法律相談

月刊不動産2003年6月号掲載

前回は土地の売買における瑕疵担保責任の内容について質問しました。

弁護士 草薙 一郎()


Q

前回は土地の売買における瑕疵担保責任の内容について質問しました。このなかで、瑕疵担保責任は瑕疵の存在を知ってから1年以内に請求をする必要があると教えられました。具体的には1年以内にどうすればいいのでしょうか。
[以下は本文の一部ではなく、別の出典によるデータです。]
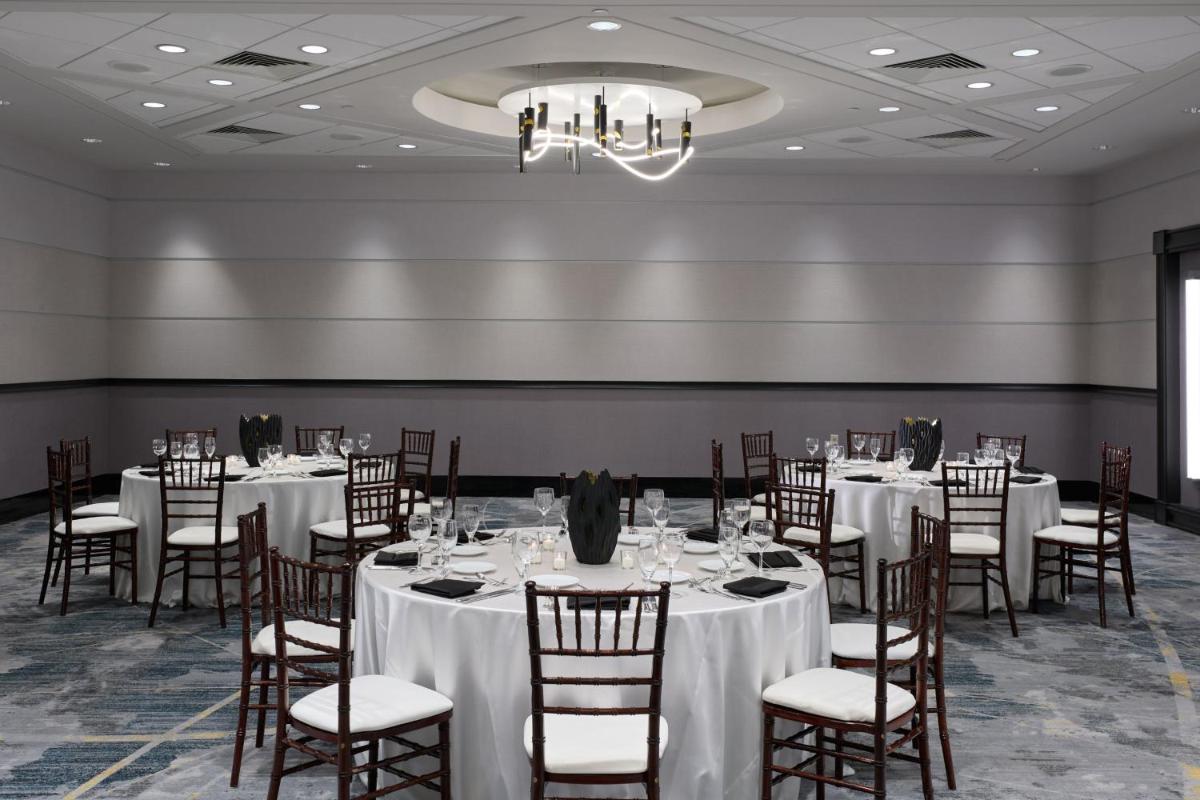 Marriott Chicago O’Hare - Housity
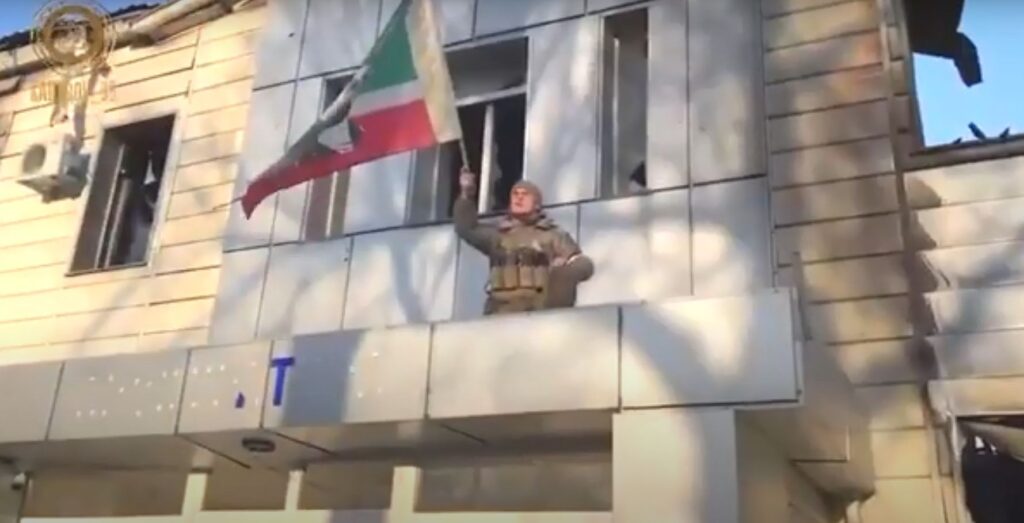 马里乌波尔市政大楼升起车臣旗帜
A※記事の内容は、掲載当時の法令・情報に基づいているため、最新法令・情報のご確認をお願いいたします。

  • 【Q】
     前回は土地の売買における瑕疵担保責任の内容について質問しました。
     このなかで、瑕疵担保責任は瑕疵の存在を知ってから1年以内に請求をする必要があると教えられました。
     具体的には1年以内にどうすればいいのでしょうか。

    【A】
     民法570条、同566条3項の1年という期間をどのような期間とみるかについては争いがあり、消滅時効の期間とする考え方と、除斥期間とする考え方とがあります。
     しかし、現在の判例の考え方は一般的には除斥期間と考えています。
     除斥期間というのは、権利を保全する期間と考えてもらえばいいのですが、この期間のなかで、その権利を行使する必要があり、消滅時効で認められている時効中断ということがありません。
     したがって、1年以内に権利行使をすることが必ず必要となります。
     そして、この権利行使は裁判上の請求、つまり訴訟提起のほか、裁判外での責任を求める意思を表明することでも構わないとされています。

    【Q】
     除斥期間の意味は分かりましたが、もし、買主が瑕疵の存在を売買契約後、何年も知らず、しばらくしてから知ったときでも、知ってから1年以内であれば瑕疵担保責任の追及が可能なのでしょうか。

    【A】
     このようなケースでの最高裁判所の判決がありますので紹介します。
     事案は土地建物を購入した者が、購入から21年以上経過して、その建物の改修をしようとしたところ、購入した土地の一部に購入時すでに道路位置指定がなされていて、建物の改修を大幅に縮小しなければいけなくなったというケースです。
     買主はそのことを知って直ちに売主に対して位置指定道路の解除をする措置をするか、それができないときは損害賠償を求める訴えを提訴しました。
     これに対して売主側は売買契約から、すでに21年以上経過しており、売買契約自体の損害賠償義務は10年の経過で時効になっている旨の反論をしました。
     これらに対して最高裁判所は、瑕疵担保責任の1年という期間は除斥期間であるが、このことから直ちに消滅時効の規定の適用が排除されると解することはできないとし、さらに、もし、消滅時効の適用が瑕疵担保責任のケースで適用がないとすると、買主が瑕疵に気付かない限り、買主の権利が永久に存続することになっておかしいと述べました。
     そして、瑕疵担保の損害賠償請求は、買主が売買の目的物の引渡しを受けたときから消滅時効は進行すると結論を下しました(平成13年11月27日判決)。
     以上のことから、瑕疵担保責任は瑕疵の存在を知ってからは1年以内の権利行使が必要であり、仮にその存在を知らなくても、売買の目的物の引渡しを受けてからは消滅時効が進行するので、原則として10年で責任追求はできなくなるということになります。

    【Q】
    最高裁判所の考え方は分かりましたが、ケースによっては瑕疵の存在を10年以内に知ることが困難ということも考えられますね。

    【A】
     そのとおりです。本件でも一般的に道路位置指定があることは一般人には知ることはできません。したがって、消滅時効の規定の適用に反対する学説もありますが、裁判所はこのようなときには、売主側の消滅時効だとの反論を権利の濫用として排斥すれば足りるとしています。本件でも仲介業者がいれば当然知り得た事項だったと思います。
     瑕疵担保責任の問題はいろいろな争点があるので、よく勉強してみて下さい。